#### WHAT TO PRODUCE
Among the lines below, output only those between the line holding "Kids Backpack Little" and the line holding "Decorative ornament on", inclusive, exactly as written and with no pictures.

#### DATASET EXCERPTS
★ ★ ★ ★

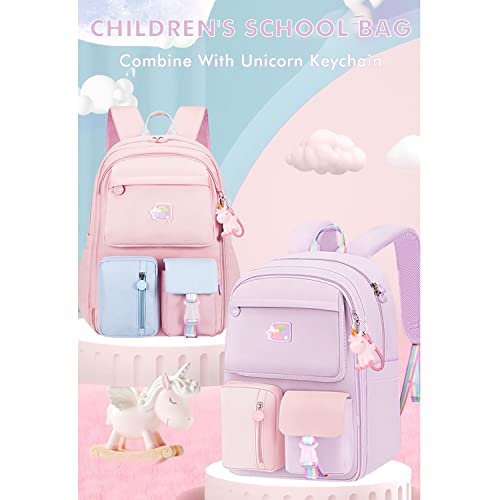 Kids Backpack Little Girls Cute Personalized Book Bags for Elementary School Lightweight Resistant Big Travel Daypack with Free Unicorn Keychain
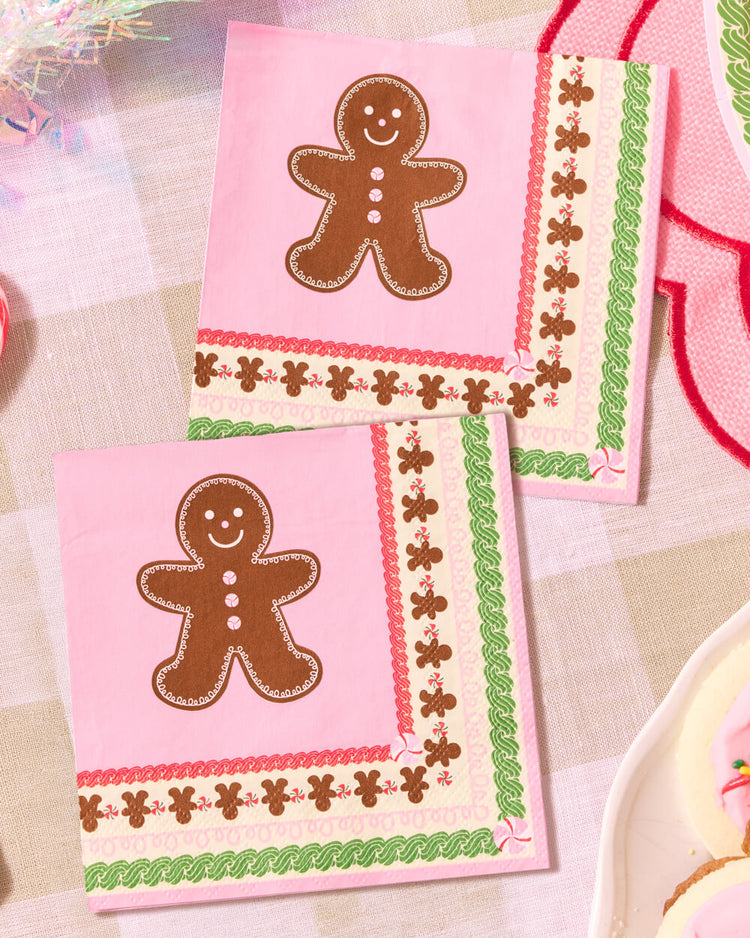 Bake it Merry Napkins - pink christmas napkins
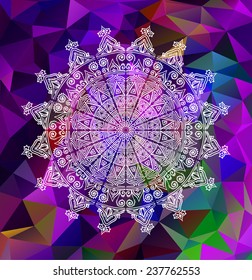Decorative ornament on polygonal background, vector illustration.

★ ★ ★ ★

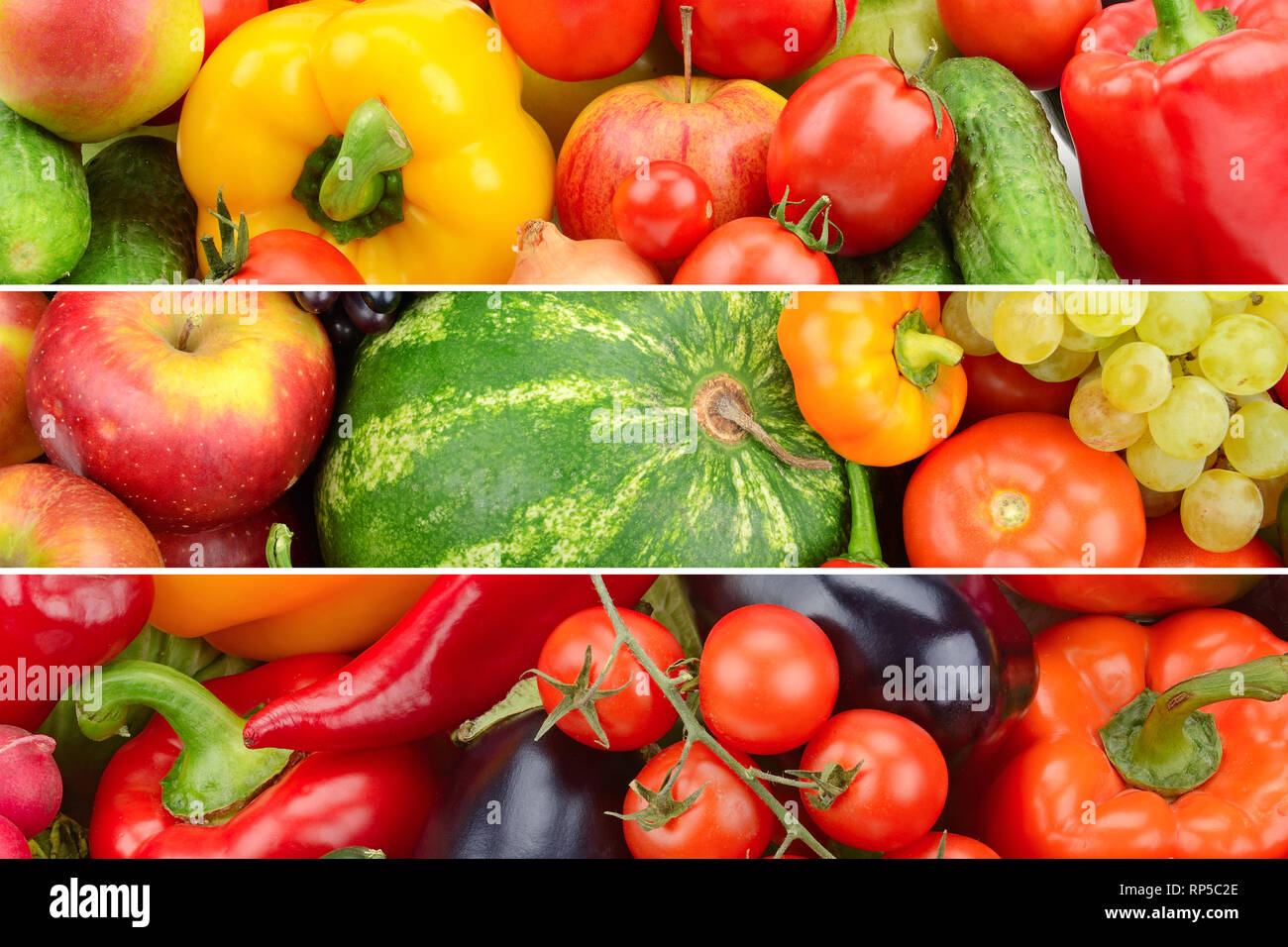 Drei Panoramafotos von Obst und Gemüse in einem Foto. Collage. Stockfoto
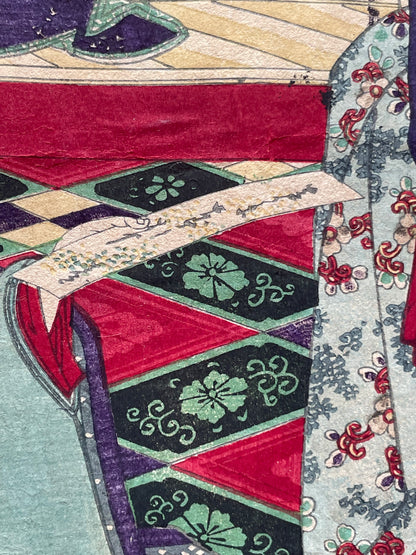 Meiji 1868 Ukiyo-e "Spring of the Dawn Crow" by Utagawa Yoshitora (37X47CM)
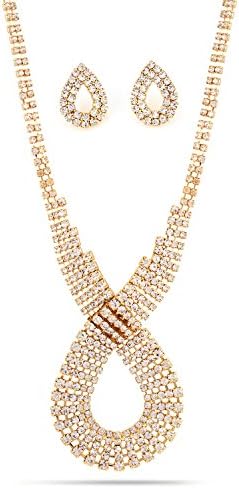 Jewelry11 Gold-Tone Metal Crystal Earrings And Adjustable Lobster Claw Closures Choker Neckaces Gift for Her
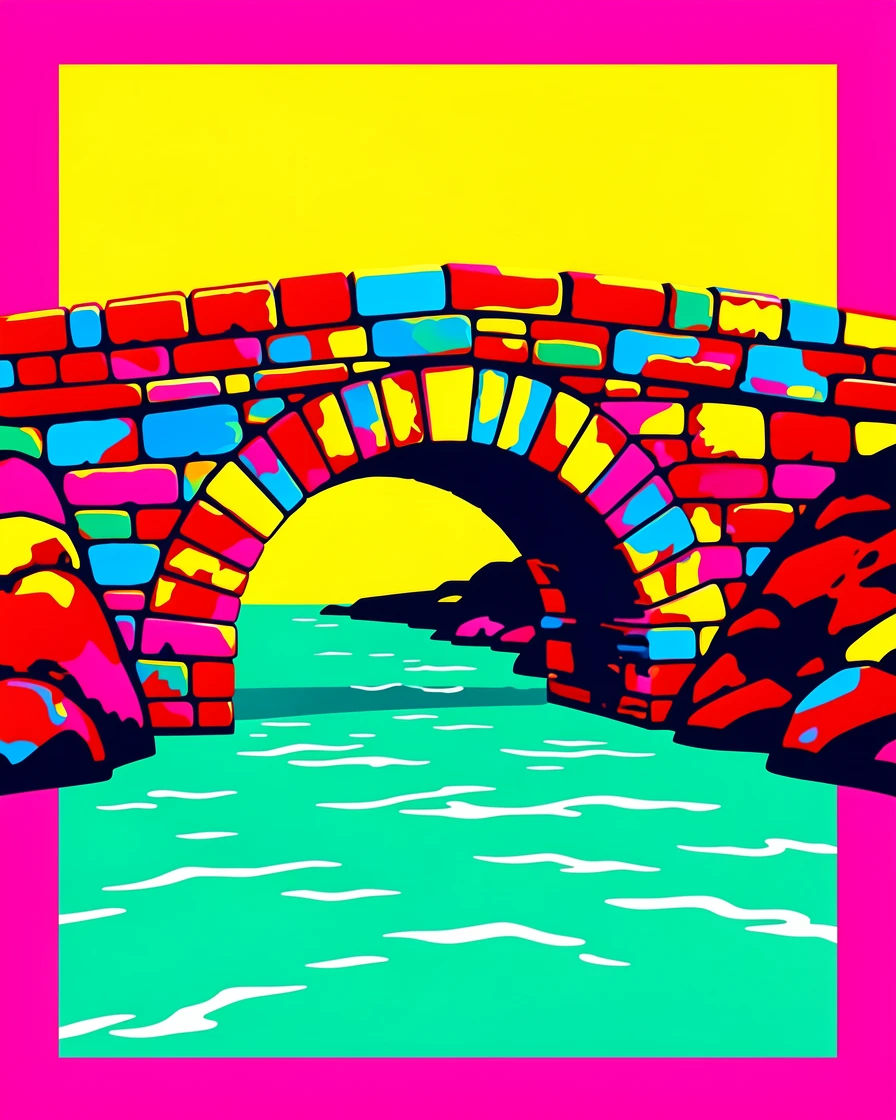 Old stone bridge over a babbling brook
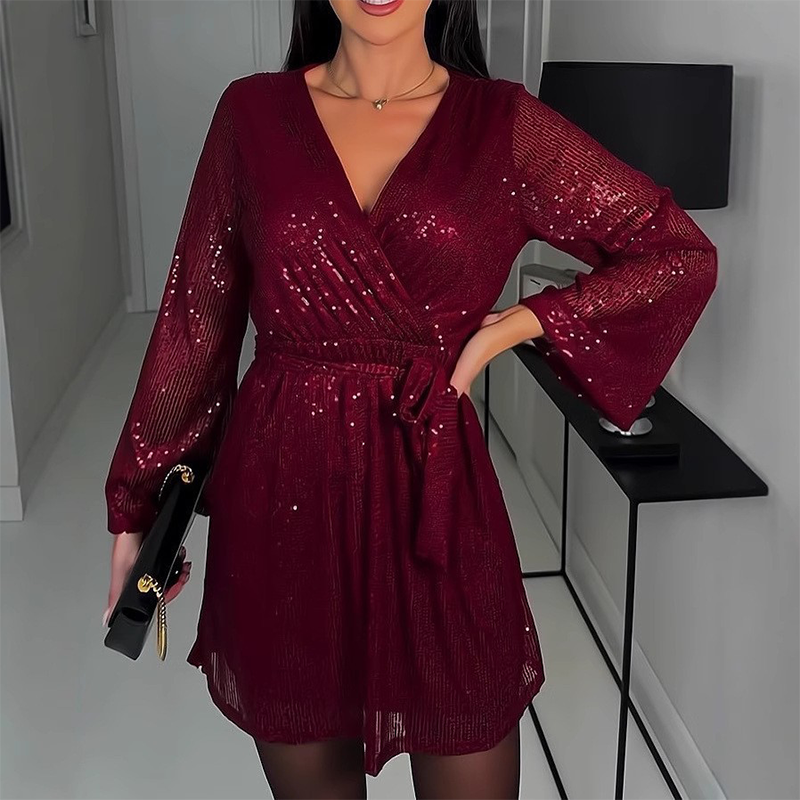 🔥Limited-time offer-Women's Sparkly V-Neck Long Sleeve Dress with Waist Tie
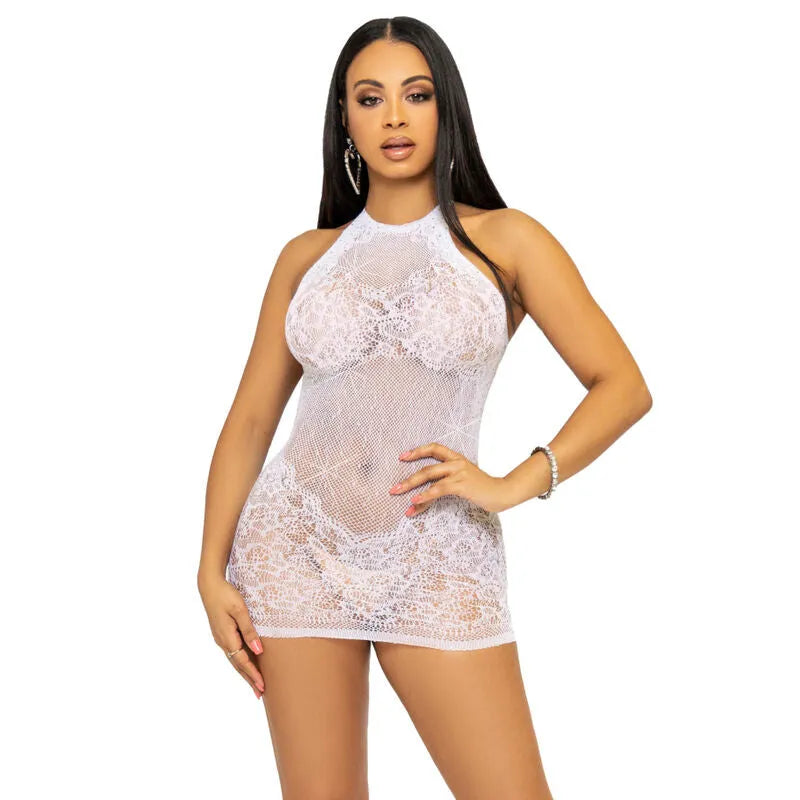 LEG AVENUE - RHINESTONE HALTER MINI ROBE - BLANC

★ ★ ★ ★

#### RESULT FOR THIS EXERCISE
 Kids Backpack Little Girls Cute Personalized Book Bags for Elementary School Lightweight Resistant Big Travel Daypack with Free Unicorn Keychain
 Bake it Merry Napkins - pink christmas napkins
Decorative ornament on polygonal background, vector illustration.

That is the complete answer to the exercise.